A Growing B/VI Community

The B/VI population is expected to double by 2030 due to the growth of the over-45 population, their higher rates of visual impairment, and the increasing prevalence of diabetes within this demographic.

The Effect of a Growing Tactile Reader Community

As ELIA Frames adoption increases the total number of tactile readers, more aids and materials will be available for both braille and ELIA Frames readers. Additionally, new competition for tactile reading customers will improve the quality of the products and the responsiveness of the present companies in the field. All of our printers and tactile displays are being designed to support braille, so our work will also increase access to braille materials, as well as graphical information that they currently cannot access.

 Braille readers have a higher chance of maintaining employment. The ELIA Frames can be learned faster than braille.

Braille readers have a higher chance of maintaining employment. The ELIA Frames can be learned faster than braille.

Audio

 Text-to-speech technology and audio books are essential tools for people who have a visual impairment. However, many activities cannot be accomplished by using such technology. Audio technology does not provide a means to achieve or maintain literacy, leaving people without the tools needed for education and employment. It is also not suited to tasks that require hard copy – such as notes for presentations, and independent living tasks like meal preparation, taking medication, or identifying clothing. For these, braille readers prefer braille notes and labels.

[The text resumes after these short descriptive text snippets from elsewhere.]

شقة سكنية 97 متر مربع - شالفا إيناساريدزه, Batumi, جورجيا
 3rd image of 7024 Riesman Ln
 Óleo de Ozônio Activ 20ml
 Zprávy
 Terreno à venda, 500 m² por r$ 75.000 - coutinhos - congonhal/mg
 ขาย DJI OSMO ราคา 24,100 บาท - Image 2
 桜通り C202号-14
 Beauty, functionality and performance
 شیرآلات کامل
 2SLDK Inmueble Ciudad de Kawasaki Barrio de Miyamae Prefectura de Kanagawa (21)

A tactile font increase independence for people who lose vision.

Impact on Healthcare

 While the elderly B/VI population is increasing, the pool of available caregivers is decreasing. People who are B/VI and who require assistance often rely on unpaid caregivers, typically a family member, spouse, or friend. There are approximately 3.8 million people in the US who are B/VI and have difficult with essential daily activities, 3.1 million of whom require assistance with those activities. The B/VI person wants to remain independent. And the toll on the caregiver is enormous, resulting in lower employment rates and wages, higher incidence of family conflict, and higher mortality rates. Caregivers’ risk of experiencing depression is 30 times greater than that of non-caregivers.

According to the National Alliance for Caregiving and AARP, caregivers spend an average of 20-40 hours per week providing care and 69% of caregivers report having to rearrange their work schedule, decrease their hours, and/or take an unpaid leave. They often suffer loss of wages, health insurance and other job benefits, retirement saving or investing, and Social Security benefits.

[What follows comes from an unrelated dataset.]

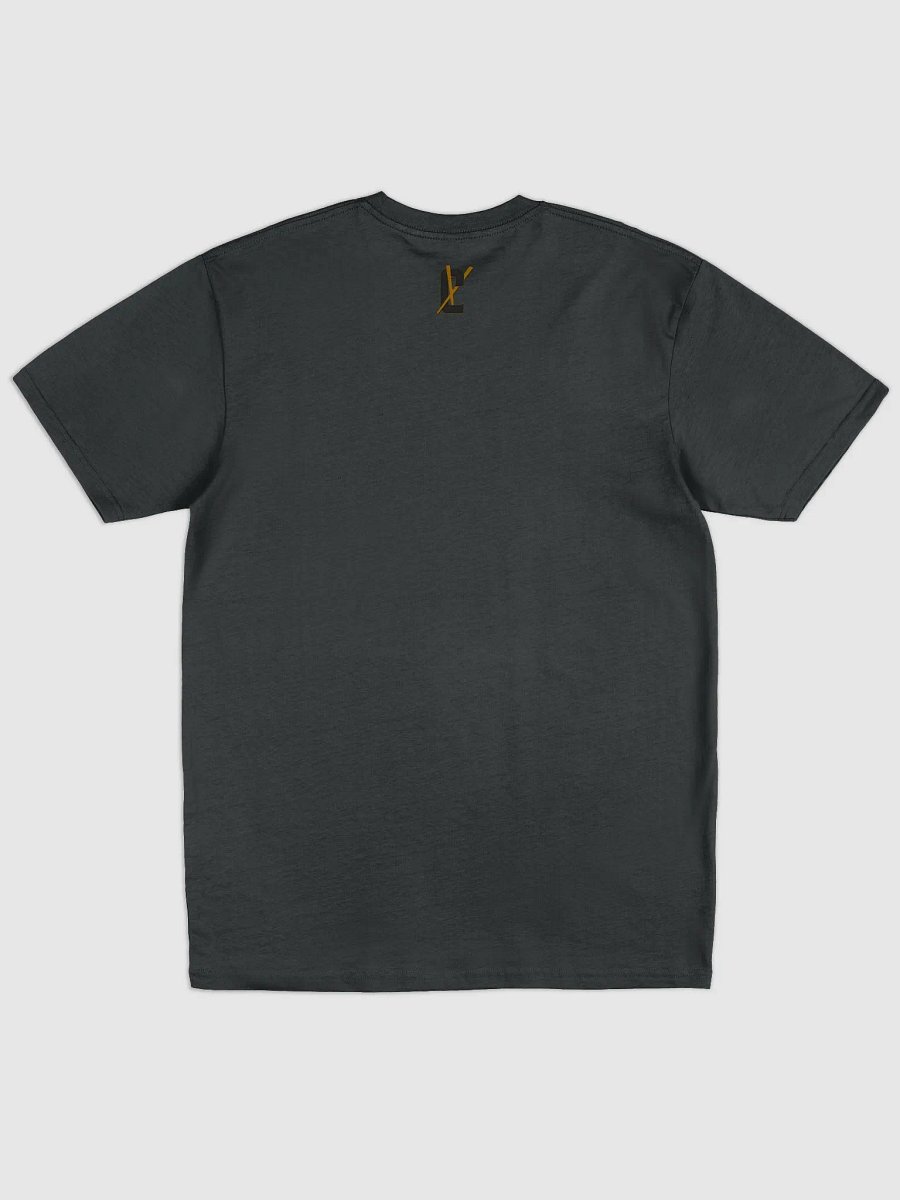 THROWBACK T-Shirt product image (13)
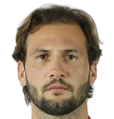 Franco Vázquez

Our goal is to enable caregivers to provide better care with fewer resources while their B/VI family members enjoy the higher quality of life that greater independence brings. ELIA Frames can be used for independent reading, as well as labeling and organization around the home. The touch printer and tactile display can produce tactile texts, graphics, and labels, and access to online information.

Commercial

 Combining ELIA Frames with tactile graphics will offer endless opportunities for multi-modal teaching and learning.

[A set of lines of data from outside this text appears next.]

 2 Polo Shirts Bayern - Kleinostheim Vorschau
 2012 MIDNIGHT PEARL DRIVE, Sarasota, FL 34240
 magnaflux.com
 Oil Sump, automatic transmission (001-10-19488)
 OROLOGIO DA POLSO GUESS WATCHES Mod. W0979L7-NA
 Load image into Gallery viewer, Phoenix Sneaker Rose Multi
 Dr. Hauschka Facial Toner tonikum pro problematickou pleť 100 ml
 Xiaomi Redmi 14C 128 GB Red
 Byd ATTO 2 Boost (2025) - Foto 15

Combining ELIA Frames with tactile graphics will offer endless opportunities for multi-modal teaching and learning.

 The community of people who are blind or have a visual impairment is underserved by the assistive technology industry. As a comparison, there are 8.4 million people in the U.S. who have a visual impairment, and 8.3 million people who have a hearing impairment. The market for hearing aids is $4 billion, while the worldwide market for assistive products of the visually impaired is $62 million. As such, we believe that this is an underserved community and that it would benefit from additional innovation.

Hearing aids are a perfect example of the application of best practices from the field of design. A hearing aid is adjustable to a person’s physical needs, it can even be customized to the needs of a person in a specific environment. Braille was not designed for that sort of flexibility, because it was designed around the technological capabilities of 1824. ELIA can be changed to the needs of the reader.